The 19-under 269 aggregate. The six-shot margin over Scottie Scheffler. The wire-to-wire performance on a course where no one had gone wire-to-wire in 49 years. All of those numbers are real. All of them matter. And all of them are secondary to the simpler observation that Cameron Young has arrived — not "is arriving," not "appears to be arriving" — at the level of professional golf where the conversation about the best players in the world now includes his name without qualification.

Sunday at Doral

There was a period early in the final round when Scheffler made three birdies in four holes and temporarily made the leaderboard look interesting. He got within five. Young responded with a birdie on the 7th and a birdie on the 9th and turned with a lead that was back to seven. The Scheffler charge — which came with all the force that the world's best player can generate — was absorbed and answered inside of 45 minutes without Young ever looking like he needed to change what he was doing.

That is the most revealing element of Sunday's final round. It wasn't the closing 68, which was good but not exceptional by the standards Young set Thursday and Friday. It was the response to pressure — the moment when Scheffler closed to five and Young's next two holes went birdie-birdie, as if the narrowing gap was a prompt rather than a threat. Leaders who respond to challenges that way are a specific category of competitor. Not every player with four rounds of a lead in them can do what Young did on Sunday: absorb the pressure and produce two more birdies as the answer.

The Wire-to-Wire Record

In 1977, the Doral-Eastern Open was won wire-to-wire by Andy Bean. The course has been redesigned twice since then, the event has changed names, the prize money has gone from $300,000 to $20 million, and the record nonetheless stood for 49 years waiting for someone to claim it. Young claimed it Sunday without making a particular point of it, which is probably the most Cameron Young way for that record to fall.

Ben Griffin finished third at 12-under, having played four solid rounds that earned him the best result of his career in a Signature Event. Straka, Kim, and Scott tied for fourth at 11-under. Scheffler finished alone in second at 13-under — his fourth runner-up finish or close of the 2026 season, which is simultaneously a strong résumé and an increasingly unsatisfying pattern for a player of his caliber.

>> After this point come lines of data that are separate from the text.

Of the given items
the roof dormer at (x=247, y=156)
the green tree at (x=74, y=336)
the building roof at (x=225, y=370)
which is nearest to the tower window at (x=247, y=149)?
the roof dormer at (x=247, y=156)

Three Wins, One Season, One Conclusion

The Players Championship. The Cadillac Championship. And in between, a Masters where he shared the 54-hole lead with Rory McIlroy and finished third despite losing the lead on Saturday. Three wins and the closest third-place finish to winning a major in recent memory — all in 13 starts. Young is 28 years old and has suddenly produced the best extended stretch of any Tour player this season.

He earns $3.6 million from the Cadillac's $20 million purse and 700 FedExCup points that push him into a commanding position in the season-long standings. He sits No. 2 in the world behind Scheffler — a position that was theoretical before March and now looks entirely accurate.

The PGA Championship is in two weeks at Aronimink Golf Club. Young will walk in as one of the clear favorites, which means the sport will spend the next 14 days asking whether the man who has won three times in 2026 can close out a major. The question is legitimate. The answer won't come until the 72nd hole at Aronimink. But if 2026 has established anything about Cameron Young, it is that when the answer needs to be yes, he has demonstrated the ability to make it yes.